En quelques lignes déjà, le Cardinal Dieudonné Nzapalainga a passé l’essentiel du message attendu des religieux : Nous devons préserver la paix, chèrement acquis après une longue crise qui a ébranlé le tissu social du pays. Que le projet de la Constitution passe ou ne passe pas, cela doit se faire dans la paix, la cohésion nationale et le pays doit à tout prix, selon les propos du Cardinal, préserver la paix.
Préserver la paix semble être un acte difficile mais fort si l’on aime bien ce pays. Un camp doit se laisser humilier, sans attiser à la haine, aux inciter violences, sans créer une nouvelle crise, au nom de la paix qui doit être préservée.
Mais qui acceptera de perdre ?
L’opposition prévient déjà qu’on « ramassera ce pays en lambeau » si le pouvoir s’entête à faire passer la loi constitutionnelle. C’est une position déjà de vas-t-en guerre que les avertis cherchent à éviter. Le pouvoir en place ne se laissera pas faire car des milliers de personnes qui réclament aujourd’hui une nouvelle constitution pourront se retourner contre lui. Et aussi, ces milliers de personnes ne pourront non plus laisser en sécurité les membres de l’opposition, à moins que les gens partent comme d’habitude en exil. Le juste milieu est même difficile. Donc, voilà le sens de la déclaration d’annonce du Cardinal qui vise déjà à préparer les esprits des uns et des autres à faire prévaloir la paix.
La vérité dans ce combat politique est que chacun soutient son intérêt au détriment du peuple. En cas de désordre encore dans ce pays, comme l’a rappelé le Cardinal, les gens, qu’ils soient du pouvoir et de l’opposition pourront s’envoler pour laisser les pauvres mourir une fois de plus.
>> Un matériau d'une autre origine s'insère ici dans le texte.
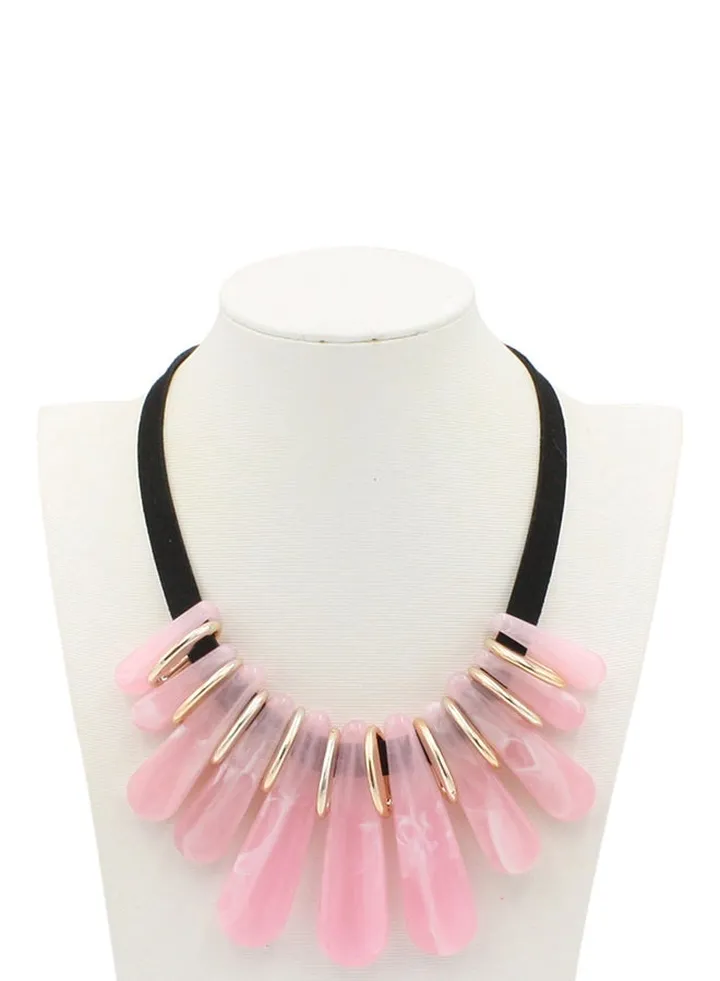Resin Tassel Bib Necklace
Voilà aussi pourquoi il est important que ce combat se mène sur le terrain purement démocratique. Chacun doit battre campagne en faveur de sa position, et le peuple qui veut préserver la paix se prononcera par la voie des urnes, dans l’apaisement afin de sauver le peu qui reste encore de ce pays.
Le Cardinal Dieudonné Nzapalainga et ses frères leaders de la plate-forme des confessions religieuses étaient en première ligne auprès de la population, lors des atrocités des rebelles de la Séléka durant les 9 mois au pouvoir en 2013 et lors de la transition de Catherine Samba Panza de 2014 à 2015. Cette expérience malheureuse ne doit plus se reproduire.
Après 5 coups d’Etat depuis l’indépendance en 1960, nous sommes à la sixième République pour huit (8) constitution. Depuis plus de 25 ans, le pays ne connaît plus la paix. La population est constituée en majorité de moins de 18 ans. Cela signifie que plus de la moitié de la population n’a jamais connu la paix. Il existe des facteurs exogènes qui ont contribué à favoriser cela. Cependant, lorsqu’on examine les causes profondes, elles sont essentiellement endogènes. Notre propre responsabilité ne peut être dégagée.
En attendant, la Cour Constitutionnelle doit se prononcer sur la requête de l’opposition, visant le décret qui a créé le comité de rédaction d’une Nouvelle Constitution.